* [THE TASK]:
Tell me how many lines in the data include "Porsche", and keep the reply to that number.
== SUPPLIED MATERIAL ==
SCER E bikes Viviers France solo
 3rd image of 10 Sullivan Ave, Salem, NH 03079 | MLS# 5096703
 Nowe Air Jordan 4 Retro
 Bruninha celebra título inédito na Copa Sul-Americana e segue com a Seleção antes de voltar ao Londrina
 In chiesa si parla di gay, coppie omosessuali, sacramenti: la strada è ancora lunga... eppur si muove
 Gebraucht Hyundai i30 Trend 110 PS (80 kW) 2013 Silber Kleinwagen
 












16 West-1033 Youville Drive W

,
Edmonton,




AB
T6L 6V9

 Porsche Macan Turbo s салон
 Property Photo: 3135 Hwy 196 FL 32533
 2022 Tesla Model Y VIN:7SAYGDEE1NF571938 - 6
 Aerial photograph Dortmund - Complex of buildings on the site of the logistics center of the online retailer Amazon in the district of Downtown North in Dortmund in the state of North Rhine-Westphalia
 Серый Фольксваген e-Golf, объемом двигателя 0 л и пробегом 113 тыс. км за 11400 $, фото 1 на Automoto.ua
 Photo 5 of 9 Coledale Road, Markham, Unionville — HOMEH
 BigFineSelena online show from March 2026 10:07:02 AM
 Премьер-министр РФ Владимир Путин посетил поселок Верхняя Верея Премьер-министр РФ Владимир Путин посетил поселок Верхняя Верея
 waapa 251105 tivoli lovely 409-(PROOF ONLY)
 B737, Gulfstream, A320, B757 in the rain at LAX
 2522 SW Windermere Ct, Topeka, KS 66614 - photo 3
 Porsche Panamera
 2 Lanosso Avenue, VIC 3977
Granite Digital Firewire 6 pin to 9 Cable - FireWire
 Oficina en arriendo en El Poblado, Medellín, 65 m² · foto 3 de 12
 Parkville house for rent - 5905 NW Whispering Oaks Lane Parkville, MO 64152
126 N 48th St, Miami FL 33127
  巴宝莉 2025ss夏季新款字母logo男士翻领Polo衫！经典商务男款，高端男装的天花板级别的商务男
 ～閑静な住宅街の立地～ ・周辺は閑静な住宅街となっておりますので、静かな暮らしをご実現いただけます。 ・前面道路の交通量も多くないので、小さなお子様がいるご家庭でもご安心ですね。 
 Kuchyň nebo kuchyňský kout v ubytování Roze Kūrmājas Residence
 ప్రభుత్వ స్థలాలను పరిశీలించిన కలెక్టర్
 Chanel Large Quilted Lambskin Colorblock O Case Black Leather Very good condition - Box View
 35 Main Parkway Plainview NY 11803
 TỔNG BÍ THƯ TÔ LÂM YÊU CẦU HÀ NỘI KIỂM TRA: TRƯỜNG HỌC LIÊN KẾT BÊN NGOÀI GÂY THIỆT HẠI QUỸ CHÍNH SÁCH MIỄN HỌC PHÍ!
===
* [SOLUTION BELOW]:
2